→ **EXERCISE DESCRIPTION**
Copy each line of the entries that contains the word "джипове".

→ **EXTRACTED ENTRIES**
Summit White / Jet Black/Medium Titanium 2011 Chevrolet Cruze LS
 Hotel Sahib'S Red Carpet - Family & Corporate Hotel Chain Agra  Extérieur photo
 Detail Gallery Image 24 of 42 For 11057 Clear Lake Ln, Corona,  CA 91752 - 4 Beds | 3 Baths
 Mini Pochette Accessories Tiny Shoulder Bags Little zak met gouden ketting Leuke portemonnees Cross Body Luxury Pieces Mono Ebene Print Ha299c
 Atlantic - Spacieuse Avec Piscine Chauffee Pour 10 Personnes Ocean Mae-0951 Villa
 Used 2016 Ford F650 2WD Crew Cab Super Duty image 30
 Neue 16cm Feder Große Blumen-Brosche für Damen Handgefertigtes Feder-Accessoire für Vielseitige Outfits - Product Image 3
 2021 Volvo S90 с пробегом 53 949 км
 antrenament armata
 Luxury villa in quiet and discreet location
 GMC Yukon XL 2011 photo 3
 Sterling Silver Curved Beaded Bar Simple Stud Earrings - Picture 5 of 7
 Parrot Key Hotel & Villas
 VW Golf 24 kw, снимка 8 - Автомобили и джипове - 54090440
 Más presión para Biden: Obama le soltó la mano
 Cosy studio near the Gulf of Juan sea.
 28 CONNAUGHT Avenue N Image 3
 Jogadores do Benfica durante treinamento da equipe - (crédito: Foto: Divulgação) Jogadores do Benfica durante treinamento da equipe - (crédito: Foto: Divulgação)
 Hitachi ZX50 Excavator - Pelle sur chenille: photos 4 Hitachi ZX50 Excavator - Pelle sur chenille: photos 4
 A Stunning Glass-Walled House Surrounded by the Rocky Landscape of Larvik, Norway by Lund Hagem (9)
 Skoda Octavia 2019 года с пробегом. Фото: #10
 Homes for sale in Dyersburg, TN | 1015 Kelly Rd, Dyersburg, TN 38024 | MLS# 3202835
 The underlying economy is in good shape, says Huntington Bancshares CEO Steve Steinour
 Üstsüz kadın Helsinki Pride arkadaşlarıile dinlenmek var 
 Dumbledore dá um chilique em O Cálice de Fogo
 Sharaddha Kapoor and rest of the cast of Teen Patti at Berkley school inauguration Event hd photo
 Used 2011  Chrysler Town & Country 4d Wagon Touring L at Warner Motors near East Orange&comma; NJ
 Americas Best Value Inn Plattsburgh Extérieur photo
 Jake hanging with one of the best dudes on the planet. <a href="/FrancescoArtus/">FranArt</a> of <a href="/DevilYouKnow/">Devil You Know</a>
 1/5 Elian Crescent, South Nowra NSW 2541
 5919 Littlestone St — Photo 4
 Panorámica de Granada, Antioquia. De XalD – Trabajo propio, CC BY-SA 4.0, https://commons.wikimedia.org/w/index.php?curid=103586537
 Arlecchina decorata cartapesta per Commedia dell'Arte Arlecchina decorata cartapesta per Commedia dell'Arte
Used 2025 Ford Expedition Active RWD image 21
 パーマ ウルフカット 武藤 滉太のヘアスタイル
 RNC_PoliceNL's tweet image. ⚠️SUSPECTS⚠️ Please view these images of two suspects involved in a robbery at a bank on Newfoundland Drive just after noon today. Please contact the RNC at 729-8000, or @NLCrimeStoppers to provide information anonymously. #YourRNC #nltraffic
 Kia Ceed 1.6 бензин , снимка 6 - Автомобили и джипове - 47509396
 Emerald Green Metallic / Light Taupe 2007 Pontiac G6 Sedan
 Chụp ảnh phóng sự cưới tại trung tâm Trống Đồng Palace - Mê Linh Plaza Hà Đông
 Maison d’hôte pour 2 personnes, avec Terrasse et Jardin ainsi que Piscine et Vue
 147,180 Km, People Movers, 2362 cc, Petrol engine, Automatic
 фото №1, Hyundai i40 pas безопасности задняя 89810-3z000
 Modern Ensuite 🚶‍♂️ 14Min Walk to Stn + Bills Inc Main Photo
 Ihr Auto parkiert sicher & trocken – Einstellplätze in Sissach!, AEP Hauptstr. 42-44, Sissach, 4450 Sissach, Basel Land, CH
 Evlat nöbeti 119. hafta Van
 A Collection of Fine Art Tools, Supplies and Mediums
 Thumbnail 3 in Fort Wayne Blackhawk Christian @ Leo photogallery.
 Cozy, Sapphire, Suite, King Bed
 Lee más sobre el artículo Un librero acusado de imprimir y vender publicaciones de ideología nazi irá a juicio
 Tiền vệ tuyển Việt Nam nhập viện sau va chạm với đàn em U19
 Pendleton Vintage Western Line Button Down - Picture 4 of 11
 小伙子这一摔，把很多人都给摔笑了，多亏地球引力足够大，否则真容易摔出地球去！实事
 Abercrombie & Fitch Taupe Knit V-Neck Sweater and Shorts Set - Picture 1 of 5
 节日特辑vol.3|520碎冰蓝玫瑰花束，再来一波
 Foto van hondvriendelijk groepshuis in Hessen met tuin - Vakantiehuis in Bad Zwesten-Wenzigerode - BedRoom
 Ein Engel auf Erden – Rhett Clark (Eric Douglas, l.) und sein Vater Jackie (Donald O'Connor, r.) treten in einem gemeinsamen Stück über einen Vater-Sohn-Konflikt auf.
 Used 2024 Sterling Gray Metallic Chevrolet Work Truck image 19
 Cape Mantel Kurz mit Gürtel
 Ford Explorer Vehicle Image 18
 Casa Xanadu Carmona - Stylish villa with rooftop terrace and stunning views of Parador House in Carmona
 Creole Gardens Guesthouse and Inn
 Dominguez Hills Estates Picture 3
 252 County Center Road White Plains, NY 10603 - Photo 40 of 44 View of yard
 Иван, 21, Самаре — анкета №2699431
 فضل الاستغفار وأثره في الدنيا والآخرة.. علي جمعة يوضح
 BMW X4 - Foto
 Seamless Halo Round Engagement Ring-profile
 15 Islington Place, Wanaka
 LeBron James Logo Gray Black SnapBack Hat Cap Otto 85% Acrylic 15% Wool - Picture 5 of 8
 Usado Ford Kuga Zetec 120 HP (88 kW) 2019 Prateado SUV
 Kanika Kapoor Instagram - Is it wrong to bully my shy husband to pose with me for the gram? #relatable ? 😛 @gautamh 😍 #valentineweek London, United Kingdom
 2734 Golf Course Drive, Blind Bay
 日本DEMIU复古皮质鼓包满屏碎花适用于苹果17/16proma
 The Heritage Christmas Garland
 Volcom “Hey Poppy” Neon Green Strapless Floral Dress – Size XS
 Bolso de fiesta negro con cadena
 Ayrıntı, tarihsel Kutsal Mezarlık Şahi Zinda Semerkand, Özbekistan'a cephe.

→ **SOLUTION TO THIS PROBLEM**
 VW Golf 24 kw, снимка 8 - Автомобили и джипове - 54090440
 Kia Ceed 1.6 бензин , снимка 6 - Автомобили и джипове - 47509396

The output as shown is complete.